Lebih lanjut Rachmi menjelaskan fleksibilitas ketenagakerjaan bakal menempatkan Indonesia sebagai pelayan investasi asing yang menyediakan buruh murah, kemudahan perpajakan dan ekstraksi sumber daya alam dalam kegiatan regional value chains.
“Tidak ada aturan yang melindungi buruh hari ini. UU Cipta Kerja hanya memberikan celah bagi pengusaha untuk berlindung dan menghindar dari kewajibannya, terutama tanggung jawabnya kepada pekerja,” kata dia.
Terlebih, dampak negatif dari transformasi industri ke arah 4.0 yang membuat pekerja semakin rentan dari aspek perlindungan hak-hak dasarnya. Hal ini karena tidak adanya regulasi ketenagakerjaan yang secara tegas mengatur aspek perlindungan pekerja dalam kegiatan ekonomi digital hari ini.
“Pekerja semakin dihadapkan pada status yang tidak jelas ketika masuk dalam kegiatan ekonomi digital. Hubungan kerja yang disematkan dengan kata kemitraan membuat statusnya menjadi sangat rentan, tanpa adanya jaminan perlindungan yang dipenuhi oleh perusahaan aplikasi”, kata dia.
Sebelumnya, Pemerintah telah menerbitkan 49 peraturan pelaksana Undang-Undang 11/2020 tentang Cipta Kerja. Regulasi tersebut terdiri atas 45 peraturan pemerintah (PP) dan 4 peraturan presiden (perpres). Peraturan pelaksana tersebut juga telah diundangkan ke dalam Lembaran Negara RI.

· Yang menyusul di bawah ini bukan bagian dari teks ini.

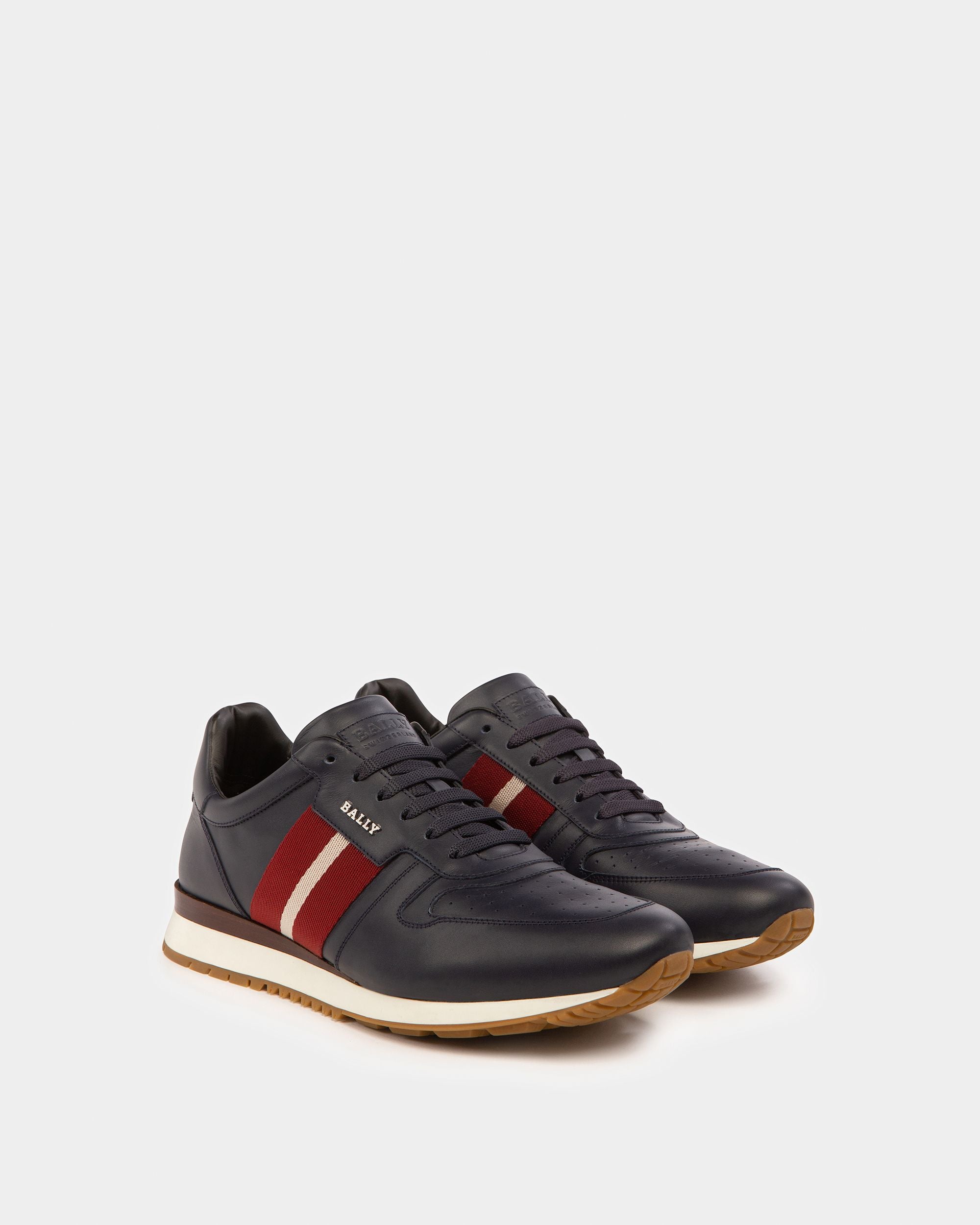 Astel Leather Sneakers In Ink - Men's - Bally - 03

Menteri Hukum dan HAM (Menkumham) Yasonna Laoly mengatakan bahwa sejak awal UU Cipta Kerja dibuat untuk menjadi stimulus positif bagi peningkatan dan pertumbuhan ekonomi nasional yang akan membuka banyak lapangan kerja bagi masyarakat.

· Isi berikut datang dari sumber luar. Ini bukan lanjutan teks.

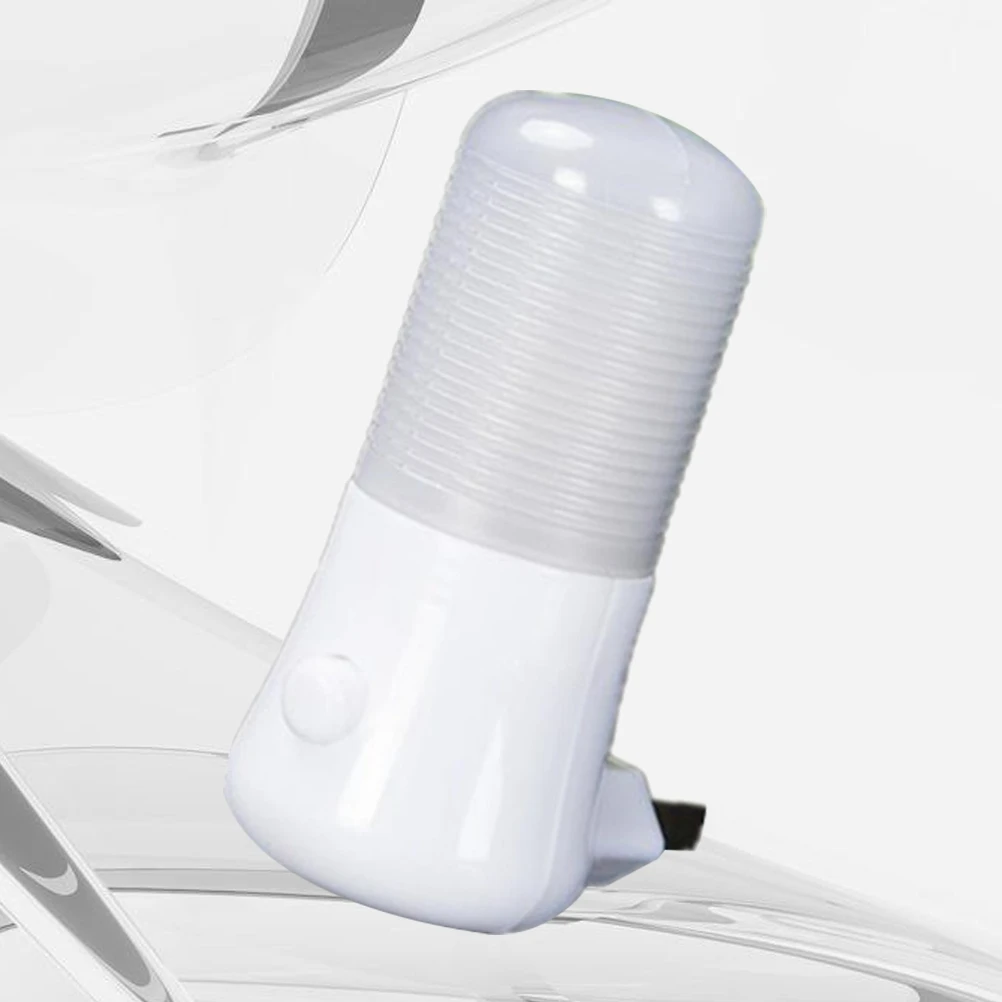 Luz nocturna Led, lámpara nocturna pequeña para dormitorio, baño, salón, enchufable, ahorro de energía, interruptor basculante de luz blanca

“UU Cipta Kerja ini juga merupakan terobosan dan cara pemerintah menangkap peluang investasi dari luar negeri lewat penyederhanaan izin dan pemangkasan birokrasi,” kata Yasonna dikutip dari situs Sekretariat Kabinet, Minggu (21/02/2021).
Yasonna menjelaskan bahwa pemberlakuan aturan turunan UU Cipta Kerja diharapkan bisa secepatnya memulihkan perekonomian nasional.
“Sekaligus menjadi momentum untuk menegaskan tahun kebangkitan Indonesia,” ujarnya. Dengan diundangkannya 49 peraturan pelaksana tersebut, ini menambah daftar aturan turunan yang telah diundangkan. Sebelumnya, sudah ada dua PP yang ditetapkan menjadi aturan, yakni PP 73/2020 tentang Lembaga Pengelola Investasi dan PP 74/2020 tentang Modal Awal Lembaga Pengelola Investasi.
Adapun, secara keseluruhan aturan turunan yang menjadi implementasi UU Cipta Kerja rencananya akan ditetapkan sebanyak 49 PP dan 5 Perpres.
Sementara itu, UU 11/2020 diklaim pemerintah untuk menyediakan seluas-luasnya lapangan kerja yang berkualitas, memberdayakan usaha mikro kecil menengah (UMKM), menyederhanakan (simplifikasi) regulasi, dan meningkatkan ekosistem investasi dalam rangka percepatan proyek strategis nasional.
Pelaksanaan UU Cipta Kerja membutuhkan beberapa peraturan pelaksanaan teknis. Semuanya meliputi sektor penyelenggaraan perizinan berusaha berbasis risiko; kemudahan, perlindungan, dan pemberdayaan koperasi dan UMKM; perpajakan yang mendukung kemudahan berusaha; penataan ruang; lingkungan hidup dan kehutanan; sektor pertanahan; serta sektor ketenagakerjaan.